Negro Leagues Baseball Museum
Located near the founding site of the Negro Leagues, this museum preserves and shares the history of African Americans in baseball from the Civil War to the Civil Rights Movement when MLB teams and Southern minor league teams began to hire black players, coaches, and front office personnel. The museum includes a replica of Kansas City's Muhlenbach Stadium with statues of the game's greatest players. Visitors begin their tour with a documentary film narrated by actor James Earl Jones that shares the general history of black baseball and the Negro Leagues. The museum then follows a timeline that places the history of the Negro Leagues within the larger narrative of American history. Exhibits include original equipment, jerseys, photographs, and several interactive displays. The museum concludes with exhibits about the hiring of black coaches and managers, and a gift shop that includes replica jerseys, books, pennants, and posters.
Backstory and Context
Through the inspiration of Horace M. Peterson III (1945-1992), founder of the Black Archives of Mid-America, a group of local historians, business leaders, and former baseball players came together to create the Negro Leagues Baseball Museum in the early 1990s. The museum originally operated out of a small, one-room office in the Lincoln Building... The museum expanded to a 2,000 square-foot space in the Lincoln Building in 1994.
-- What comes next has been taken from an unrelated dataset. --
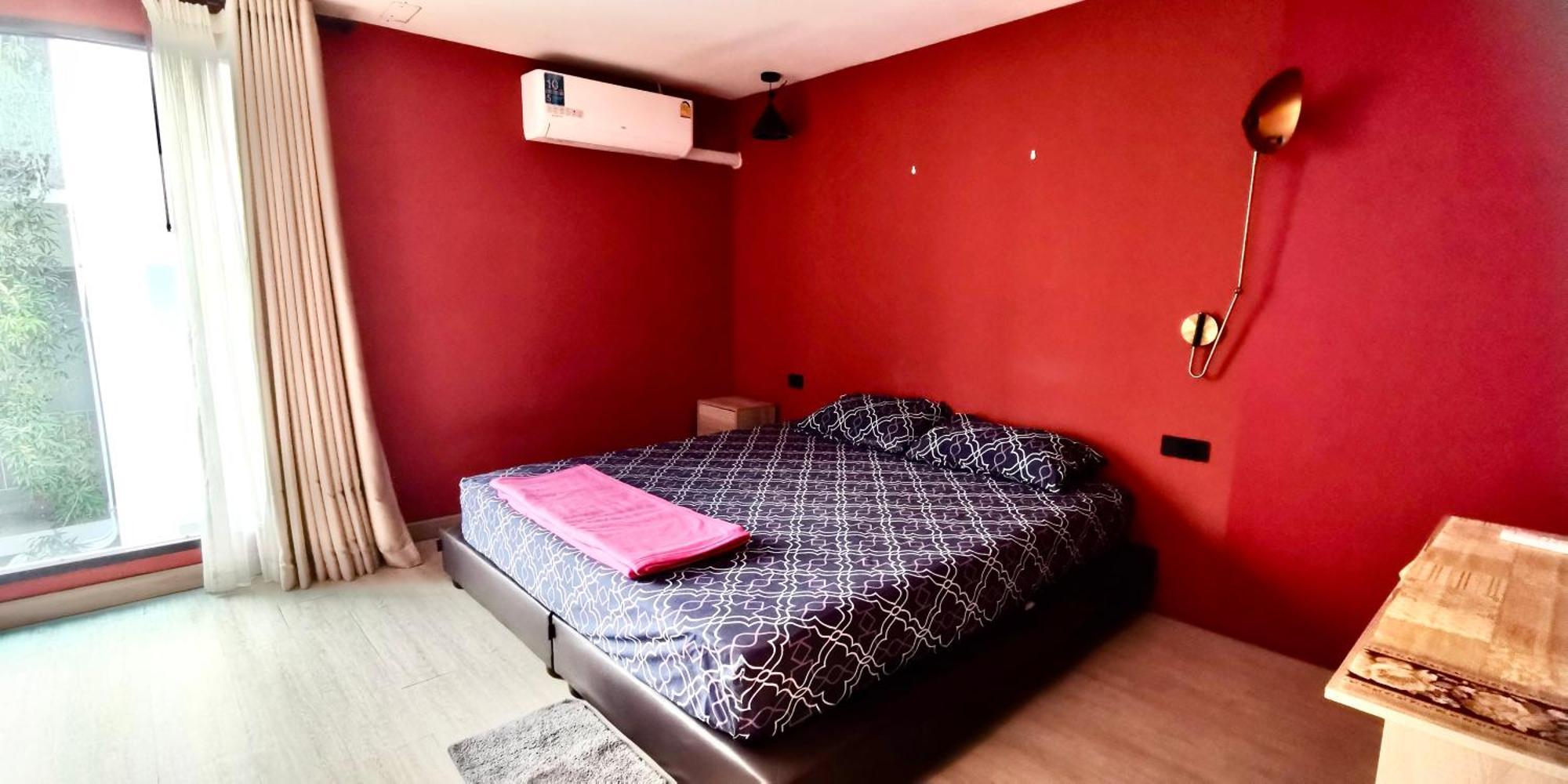 Hip And Funky Silom Soi 3, With Rooftop View Apartment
During the late 1990s, plans were underway by city officials to create a new home to showcase Kansas City's jazz heritage and to revitalize the Historic District. City officials and the mayor worked to raise over $20 million in bonds to build a new facility to host the new American Jazz Museum and a new, permanent and expanded, home for the Negro Leagues Baseball Museum. This new 50,000 square-foot building opened in September 1997 and the Baseball Museum opened in November. The NLBM broke ground in early 2006 on a $15 million historical preservation and expansion project to restore the Paseo YMCA and convert the national landmark into the John "Buck" O'Neil Education and Research Center.
Peterson, Robert. Only the Ball Was White: A History of Legendary Black Players and All-Black Professional Teams. New York: Gramercy Books, 1999.
Vincent, Fay. The Only Game in Town: Baseball Stars of the 1930s and 1940s Talk About the Game They Loved. New York: Simon & Schuster, 2006.